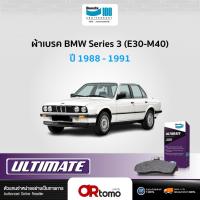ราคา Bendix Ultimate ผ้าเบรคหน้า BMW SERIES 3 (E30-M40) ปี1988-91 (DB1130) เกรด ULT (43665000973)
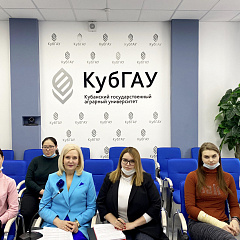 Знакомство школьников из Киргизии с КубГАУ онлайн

---

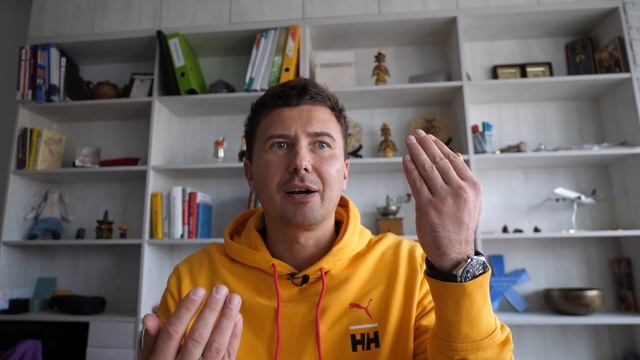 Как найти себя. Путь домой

● Directions for this task:
Could you transcribe exactly the entries above, but only the lines from the one with "ราคา Bendix Ultimate" through the one with "Знакомство школьников из", and without pictures?

● Output:
ราคา Bendix Ultimate ผ้าเบรคหน้า BMW SERIES 3 (E30-M40) ปี1988-91 (DB1130) เกรด ULT (43665000973)
 Знакомство школьников из Киргизии с КубГАУ онлайн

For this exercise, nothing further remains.